Task item |
Write out again, word for word, the lines below from the line that holds "Van Delft - Cadeauset" through the line that holds "2400 N Lakeview Avenue Unit: 605", omitting pictures.

(Supplied entries Opens)

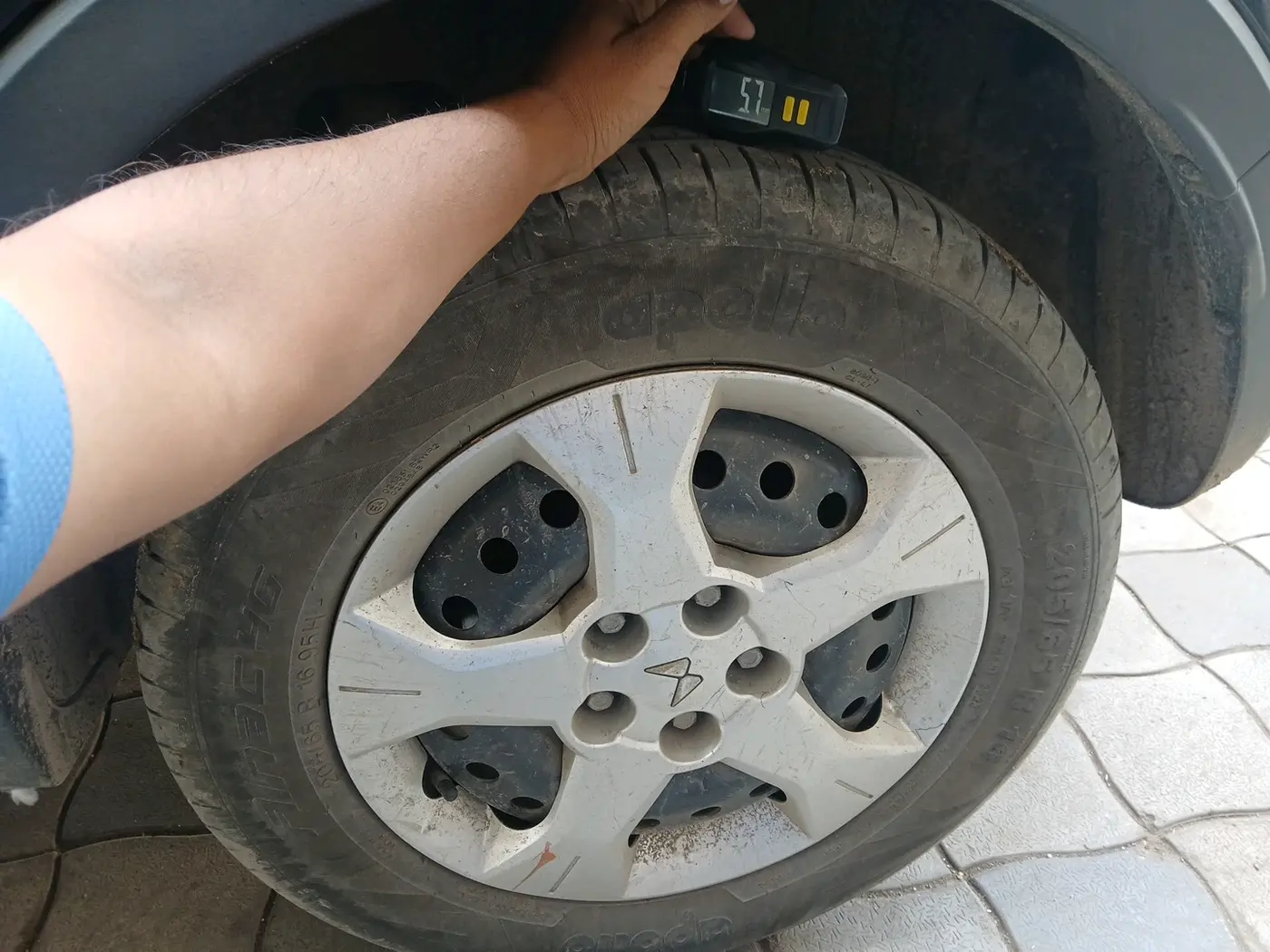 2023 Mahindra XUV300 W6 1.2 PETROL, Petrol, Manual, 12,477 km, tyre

(Supplied entries Closes)
(Supplied entries Opens)

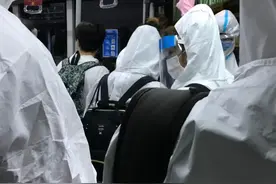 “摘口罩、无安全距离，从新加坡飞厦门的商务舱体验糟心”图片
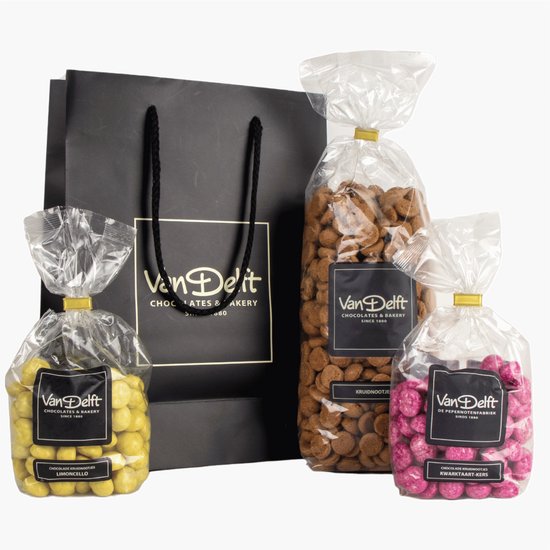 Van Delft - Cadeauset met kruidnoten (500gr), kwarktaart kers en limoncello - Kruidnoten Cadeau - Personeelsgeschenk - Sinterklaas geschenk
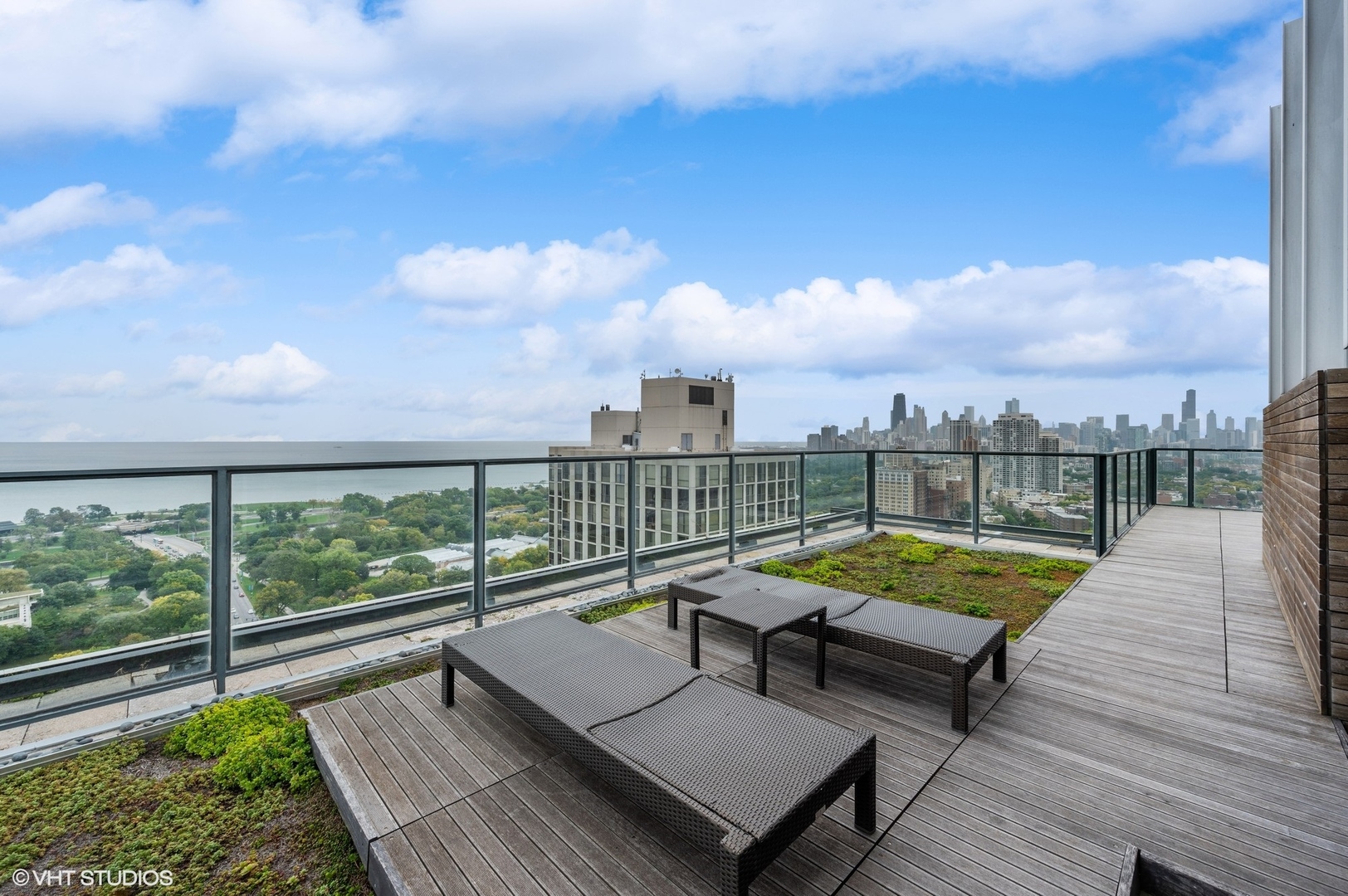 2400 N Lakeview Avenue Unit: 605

(Supplied entries Closes)

Result of this task |
 Van Delft - Cadeauset met kruidnoten (500gr), kwarktaart kers en limoncello - Kruidnoten Cadeau - Personeelsgeschenk - Sinterklaas geschenk
 2400 N Lakeview Avenue Unit: 605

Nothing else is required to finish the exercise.